Sedition: ‘The highest duty of a citizen’

Sedition: the attempt “to excite disaffection towards the Government established by law in India”, a crime under Section 124 A of the Indian Penal Code, a provision introduced by the British colonial government in 1860.

The only revisions to this colonial legal provision since its passing have been over the years, to remove anachronistic terms like “Her Majesty”, “the Crown Representative”, “British India”, “British Burma” and “Transportation for life or any shorter term”.

But it seems “Disaffection towards the government”, the archaic usage notwithstanding, is a timeless crime. Section 124A, therefore, these few cosmetic changes apart, has remained unchanged for the last 150 years.

(That’s what we mean when we say we are an ancient civilization.)

In 1922 Mohandas Karamchand Gandhi and Shankarlal Ghelabhai Banker, editor, and printer/publisher respectively of Young India, were tried under this section before the District and Sessions Judge, Ahmedabad.

Pleading guilty to the charge, Gandhi said:

“I have no desire whatsoever to conceal from this court the fact that to preach disaffection towards the existing system of Government has become almost a passion with me…” Sedition, said Gandhi, “in law is a deliberate crime”, but it “appears to me to be the highest duty of a citizen.”
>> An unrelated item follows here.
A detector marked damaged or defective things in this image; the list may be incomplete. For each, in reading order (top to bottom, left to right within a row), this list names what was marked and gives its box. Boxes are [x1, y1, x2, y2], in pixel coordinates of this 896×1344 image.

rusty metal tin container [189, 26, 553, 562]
Today, almost a hundred years later, the government of “the world’s largest democracy” threatens to invoke this exact same colonial provision instituted to curb resistance to foreign rule,  against a writer whose bright integrity has never faltered, and whose powerful voice has been consistently raised against injustice. Arundhati Roy is tragically right, we can but pity ourselves,  citizens (so-called) of a nation “that has to silence its writers for speaking their minds… that needs to jail those who ask for justice, while communal killers, mass murderers, corporate scamsters, looters, rapists, and those who prey on the poorest of the poor, roam free.”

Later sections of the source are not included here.